▶ [WHAT THE TASK REQUIRES] Pictures stay out; everything else from the first line of the entries down through the line with "Сенсорный экран Digitizer" gets copied exactly.

▶ [PROVIDED DATA]

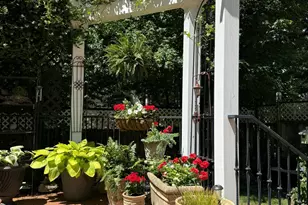 2269 Brisbayne Cir, Raleigh, NC 27615 - Photo 24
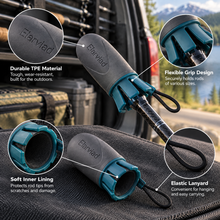 Elarviad™ Rod Tip Protection Cap - Image 3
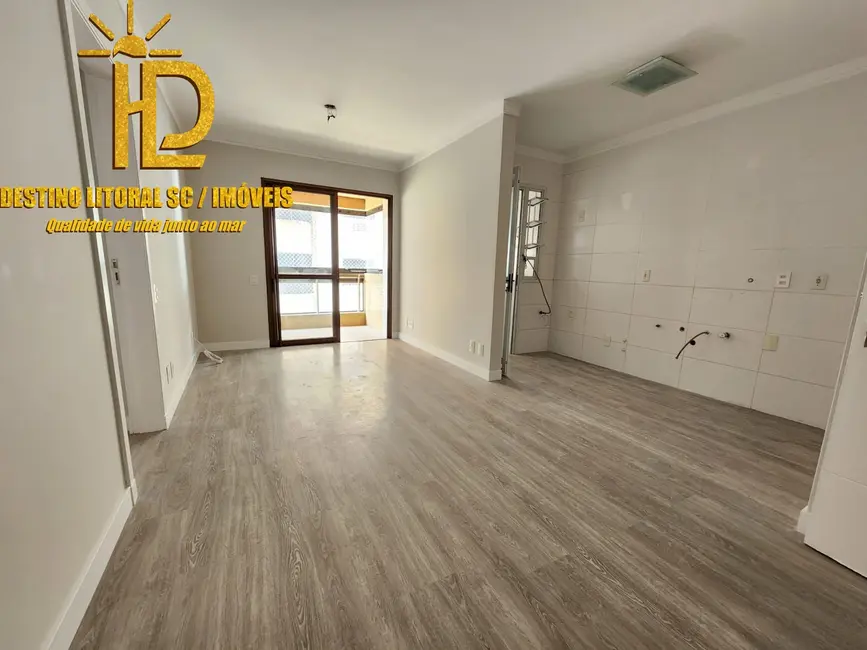 Foto 7 de Apartamento com 2 quartos à venda, 63m2 em Fazenda, Itajai - SC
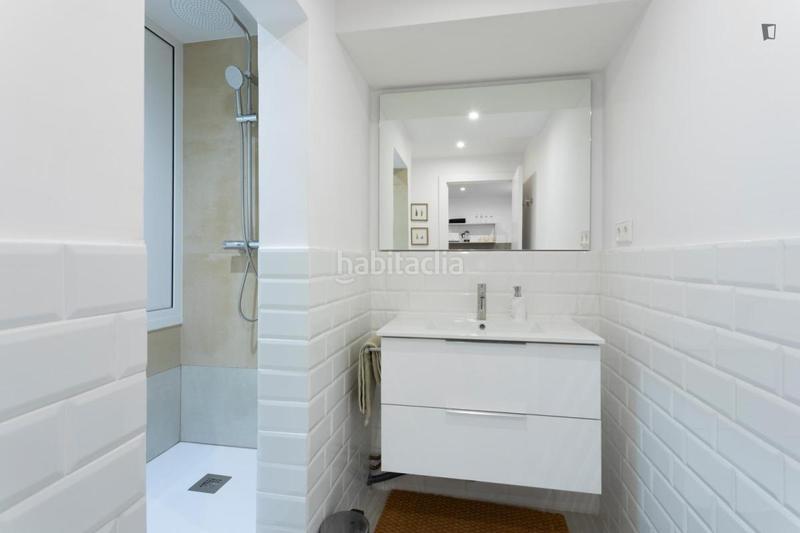 Foto 51d85b3f-64df-4c3d-823f-bd21e9acc215. Location appartement dans Collblanc Hospitalet de Llobregat (L´)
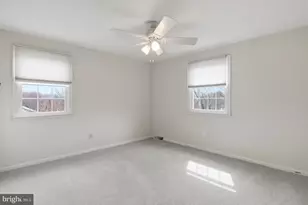 1670 Salem Cir, Blue Bell, PA 19422 - Photo 27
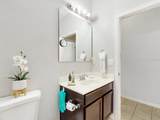 955 La Mirada Court - Photo 18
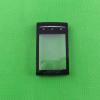 Сенсорный экран Digitizer для Sony Ericsson Xperia X10...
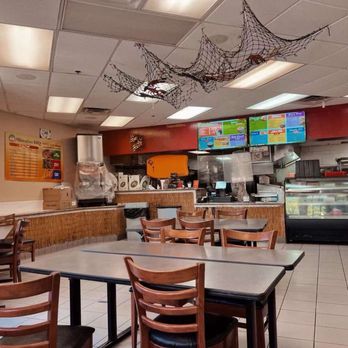 Yummy Hawaiian BBQ - Hawaiian Near Me - Clayton, California Yummy Hawaiian BBQ - Hawaiian Near Me - Clayton, California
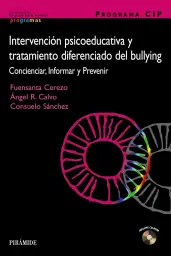 Imagen del producto 9788436823318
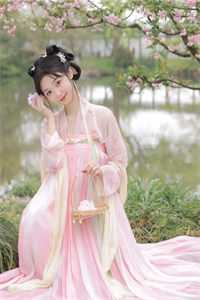 八零错嫁，爱恨成殇完整作品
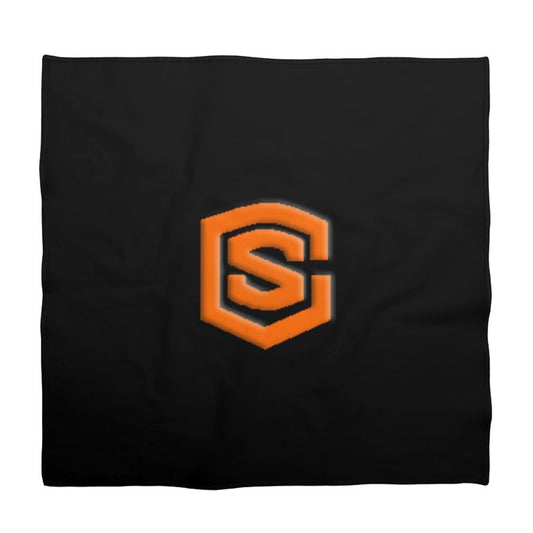 Bandana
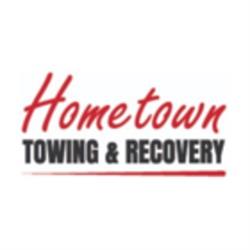 Hometown Towing & Recovery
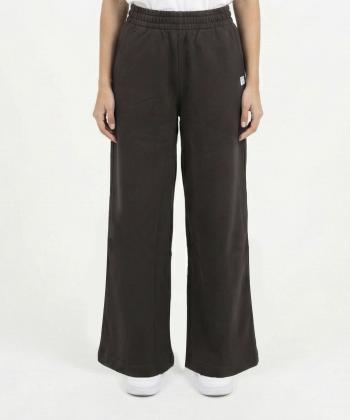 شلوار ورزشي زنانه مل اند موژ مدل W09145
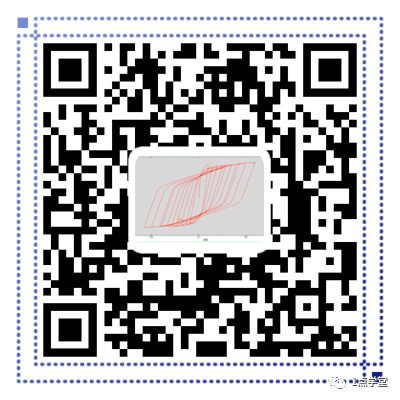 精品課程匯總（持續更新中...)的圖3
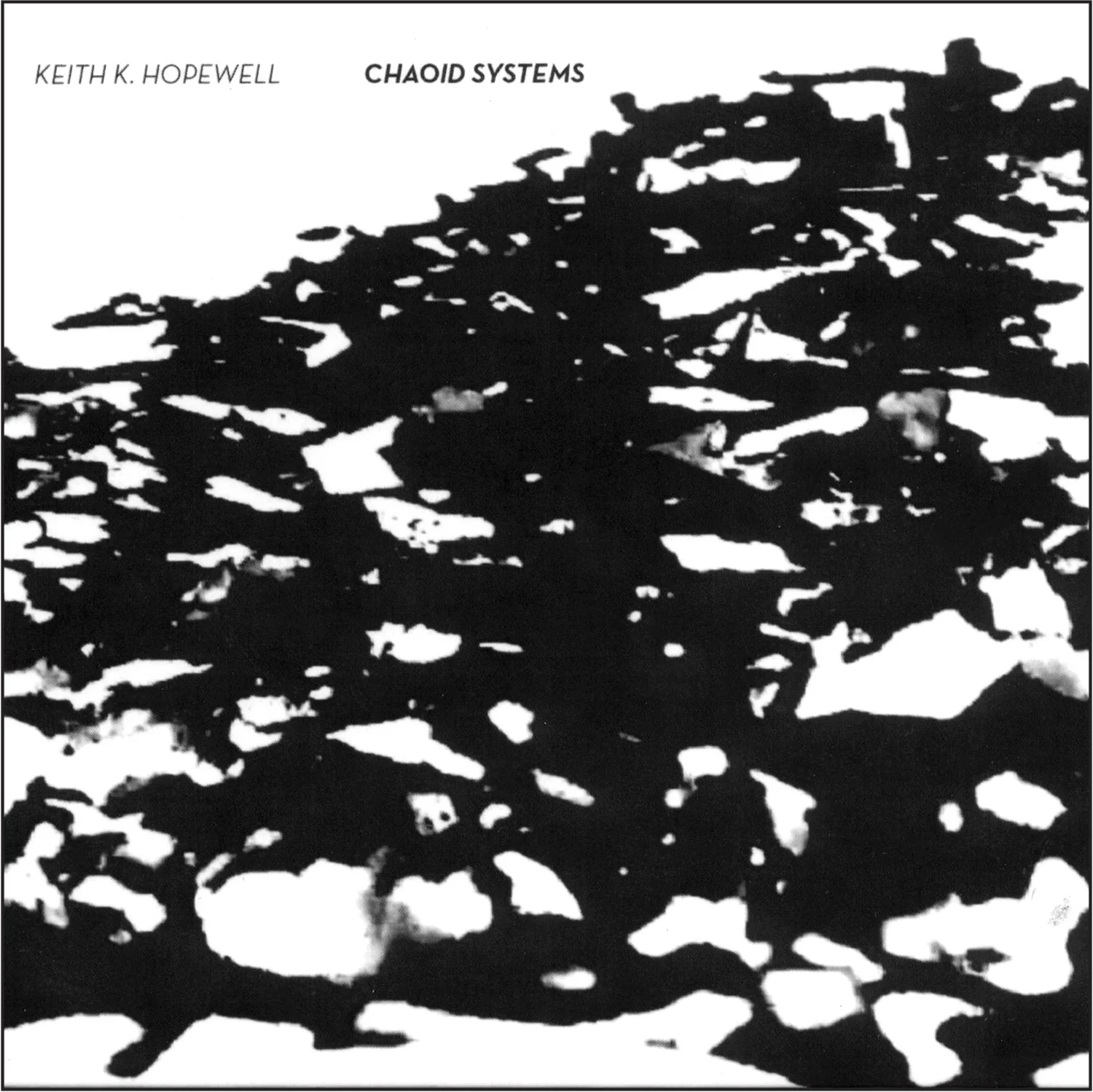 Chaoid Systems Cropped Sq.jpg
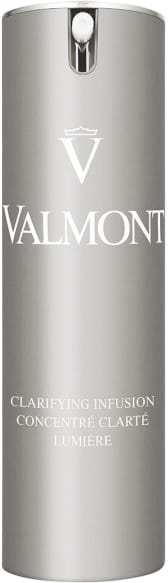 Valmont Clarifying Infusion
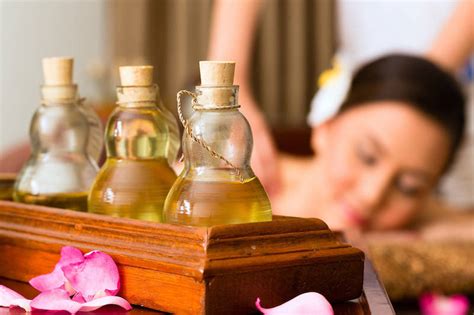 lavana thai spa book your massage at sandton s luxurious day spa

▶ [RESPONSE FOR THIS EXERCISE]
 2269 Brisbayne Cir, Raleigh, NC 27615 - Photo 24
 Elarviad™ Rod Tip Protection Cap - Image 3
 Foto 7 de Apartamento com 2 quartos à venda, 63m2 em Fazenda, Itajai - SC
 Foto 51d85b3f-64df-4c3d-823f-bd21e9acc215. Location appartement dans Collblanc Hospitalet de Llobregat (L´)
 1670 Salem Cir, Blue Bell, PA 19422 - Photo 27
 955 La Mirada Court - Photo 18
 Сенсорный экран Digitizer для Sony Ericsson Xperia X10...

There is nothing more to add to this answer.